Metric. Each task is scored 0.00–1.00; the reported number is the weighted average score across the suite (pass@1, temperature = 1.0).
Results. With the simulated-interaction tasks set aside (their outcome depends on an LLM-simulated counterpart’s replies), the SFT model’s overall weighted score improves from 0.43 to 0.52 (+9 pts).
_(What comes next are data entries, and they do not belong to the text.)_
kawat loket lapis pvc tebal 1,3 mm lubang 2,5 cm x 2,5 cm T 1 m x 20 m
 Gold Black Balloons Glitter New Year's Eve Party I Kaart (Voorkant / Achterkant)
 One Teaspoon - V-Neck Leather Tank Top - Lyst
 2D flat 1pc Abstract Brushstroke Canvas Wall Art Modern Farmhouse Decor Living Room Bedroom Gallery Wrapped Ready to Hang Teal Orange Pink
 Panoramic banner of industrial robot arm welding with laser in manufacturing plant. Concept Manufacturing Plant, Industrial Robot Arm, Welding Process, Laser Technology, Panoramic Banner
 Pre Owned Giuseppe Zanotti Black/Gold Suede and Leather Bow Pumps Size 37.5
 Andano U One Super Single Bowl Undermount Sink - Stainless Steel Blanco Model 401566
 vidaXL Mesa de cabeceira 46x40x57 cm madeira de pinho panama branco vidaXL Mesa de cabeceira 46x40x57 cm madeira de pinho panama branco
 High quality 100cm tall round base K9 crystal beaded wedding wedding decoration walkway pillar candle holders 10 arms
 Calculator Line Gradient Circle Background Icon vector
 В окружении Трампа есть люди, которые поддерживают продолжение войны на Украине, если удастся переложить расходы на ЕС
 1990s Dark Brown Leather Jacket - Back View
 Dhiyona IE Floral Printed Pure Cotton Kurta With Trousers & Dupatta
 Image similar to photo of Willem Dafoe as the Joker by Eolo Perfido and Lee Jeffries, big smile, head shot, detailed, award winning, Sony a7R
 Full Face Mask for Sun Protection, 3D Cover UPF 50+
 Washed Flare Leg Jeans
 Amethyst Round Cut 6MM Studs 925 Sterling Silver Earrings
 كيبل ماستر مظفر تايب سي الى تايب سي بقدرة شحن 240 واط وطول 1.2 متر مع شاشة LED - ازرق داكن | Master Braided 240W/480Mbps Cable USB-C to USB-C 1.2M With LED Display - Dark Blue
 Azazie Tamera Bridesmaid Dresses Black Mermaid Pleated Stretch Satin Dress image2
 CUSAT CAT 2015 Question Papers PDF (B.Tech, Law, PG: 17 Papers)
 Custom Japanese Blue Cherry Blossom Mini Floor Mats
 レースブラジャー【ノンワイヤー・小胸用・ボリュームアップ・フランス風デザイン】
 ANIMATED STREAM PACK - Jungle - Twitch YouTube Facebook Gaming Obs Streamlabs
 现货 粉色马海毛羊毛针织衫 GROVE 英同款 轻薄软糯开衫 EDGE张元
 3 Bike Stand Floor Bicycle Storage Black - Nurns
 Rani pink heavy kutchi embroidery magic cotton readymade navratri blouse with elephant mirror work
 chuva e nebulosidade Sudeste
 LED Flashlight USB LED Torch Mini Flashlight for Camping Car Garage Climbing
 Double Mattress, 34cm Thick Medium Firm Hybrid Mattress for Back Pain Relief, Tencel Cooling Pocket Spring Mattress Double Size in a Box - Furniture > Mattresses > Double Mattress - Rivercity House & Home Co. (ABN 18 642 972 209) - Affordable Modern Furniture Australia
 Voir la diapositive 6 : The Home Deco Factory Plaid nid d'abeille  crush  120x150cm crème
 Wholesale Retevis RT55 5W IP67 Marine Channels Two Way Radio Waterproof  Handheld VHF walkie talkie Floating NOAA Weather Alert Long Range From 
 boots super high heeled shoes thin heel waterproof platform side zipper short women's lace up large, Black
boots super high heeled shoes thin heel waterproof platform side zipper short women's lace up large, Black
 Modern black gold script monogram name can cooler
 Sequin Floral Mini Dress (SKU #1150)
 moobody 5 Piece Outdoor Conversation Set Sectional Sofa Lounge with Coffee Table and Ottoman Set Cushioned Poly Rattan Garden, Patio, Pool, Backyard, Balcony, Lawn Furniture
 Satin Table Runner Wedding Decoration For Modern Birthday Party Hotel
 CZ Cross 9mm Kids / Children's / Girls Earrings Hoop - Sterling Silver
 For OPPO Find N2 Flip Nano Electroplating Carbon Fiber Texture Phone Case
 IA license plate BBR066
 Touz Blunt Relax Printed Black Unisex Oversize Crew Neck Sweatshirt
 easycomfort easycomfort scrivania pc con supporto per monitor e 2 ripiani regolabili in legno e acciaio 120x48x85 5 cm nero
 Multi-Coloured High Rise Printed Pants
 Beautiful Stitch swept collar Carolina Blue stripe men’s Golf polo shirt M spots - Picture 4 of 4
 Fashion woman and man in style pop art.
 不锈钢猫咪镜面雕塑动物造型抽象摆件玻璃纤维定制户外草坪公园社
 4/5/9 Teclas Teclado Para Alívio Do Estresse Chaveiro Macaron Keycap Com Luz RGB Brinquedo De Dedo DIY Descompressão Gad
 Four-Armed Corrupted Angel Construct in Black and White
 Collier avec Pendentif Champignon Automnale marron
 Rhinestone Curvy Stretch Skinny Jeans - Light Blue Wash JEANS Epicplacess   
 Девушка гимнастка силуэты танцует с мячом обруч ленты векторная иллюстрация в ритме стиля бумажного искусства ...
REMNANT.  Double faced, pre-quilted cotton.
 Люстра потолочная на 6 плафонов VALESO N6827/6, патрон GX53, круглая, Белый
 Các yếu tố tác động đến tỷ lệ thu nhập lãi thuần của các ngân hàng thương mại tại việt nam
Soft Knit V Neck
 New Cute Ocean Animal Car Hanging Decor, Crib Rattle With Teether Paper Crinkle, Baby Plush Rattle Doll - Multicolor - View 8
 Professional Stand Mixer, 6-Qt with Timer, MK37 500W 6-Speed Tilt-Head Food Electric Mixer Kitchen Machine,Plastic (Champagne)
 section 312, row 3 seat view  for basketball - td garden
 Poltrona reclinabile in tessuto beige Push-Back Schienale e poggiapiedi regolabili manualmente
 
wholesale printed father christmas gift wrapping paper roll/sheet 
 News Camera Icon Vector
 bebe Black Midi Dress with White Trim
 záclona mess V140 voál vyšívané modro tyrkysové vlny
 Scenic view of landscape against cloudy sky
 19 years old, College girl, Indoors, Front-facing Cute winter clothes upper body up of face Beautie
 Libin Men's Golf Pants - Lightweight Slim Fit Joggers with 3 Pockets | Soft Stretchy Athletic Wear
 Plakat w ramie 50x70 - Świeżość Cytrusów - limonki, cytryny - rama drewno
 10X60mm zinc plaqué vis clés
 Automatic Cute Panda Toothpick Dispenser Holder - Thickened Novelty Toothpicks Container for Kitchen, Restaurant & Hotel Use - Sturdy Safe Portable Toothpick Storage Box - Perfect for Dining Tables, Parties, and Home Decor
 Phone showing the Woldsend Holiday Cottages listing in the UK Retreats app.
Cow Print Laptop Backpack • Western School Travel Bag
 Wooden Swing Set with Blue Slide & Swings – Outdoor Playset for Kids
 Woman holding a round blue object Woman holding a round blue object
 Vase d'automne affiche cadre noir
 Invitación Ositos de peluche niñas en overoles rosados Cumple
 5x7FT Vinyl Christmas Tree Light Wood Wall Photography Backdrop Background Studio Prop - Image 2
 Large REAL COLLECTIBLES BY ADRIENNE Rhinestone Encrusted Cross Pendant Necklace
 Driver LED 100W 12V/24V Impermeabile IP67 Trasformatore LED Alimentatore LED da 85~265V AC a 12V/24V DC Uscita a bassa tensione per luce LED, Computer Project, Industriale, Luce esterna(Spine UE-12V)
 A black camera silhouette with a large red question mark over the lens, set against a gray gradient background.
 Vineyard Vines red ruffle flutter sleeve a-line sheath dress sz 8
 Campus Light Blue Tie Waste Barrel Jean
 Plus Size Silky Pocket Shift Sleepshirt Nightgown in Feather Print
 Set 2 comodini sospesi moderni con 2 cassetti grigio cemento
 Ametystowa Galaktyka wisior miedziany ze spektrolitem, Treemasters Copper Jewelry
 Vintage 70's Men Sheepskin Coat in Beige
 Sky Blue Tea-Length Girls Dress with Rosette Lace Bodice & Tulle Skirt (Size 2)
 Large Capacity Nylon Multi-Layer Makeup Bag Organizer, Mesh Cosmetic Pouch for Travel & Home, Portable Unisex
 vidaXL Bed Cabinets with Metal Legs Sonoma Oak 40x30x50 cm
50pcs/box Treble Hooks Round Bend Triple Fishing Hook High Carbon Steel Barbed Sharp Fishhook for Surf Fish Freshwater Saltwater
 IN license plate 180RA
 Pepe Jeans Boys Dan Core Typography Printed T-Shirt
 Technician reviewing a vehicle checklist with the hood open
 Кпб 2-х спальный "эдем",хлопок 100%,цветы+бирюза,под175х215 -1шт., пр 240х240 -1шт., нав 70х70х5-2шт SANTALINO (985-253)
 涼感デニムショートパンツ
What drove it. Improvement concentrates on retrieval, classification, and information-consolidation tasks — gathering scattered or unstructured inputs, imposing structure, and emitting a precise artifact. Two representative wins: (1) orchestrated retrieval — given a painting, the agent must report where it can be viewed; the image understanding is delegated to a multimodal API the agent calls, and what SFT sharpens is the orchestration around it (invoke that API, search to locate the work, then write the answer in the required format); and (2) information consolidation — a clean text-only case where the agent reads a thread of repeatedly-revised updates and reconciles them into a single accurate status report. In both, SFT improves which tools the model calls, in what order, and how precisely it formats the final output.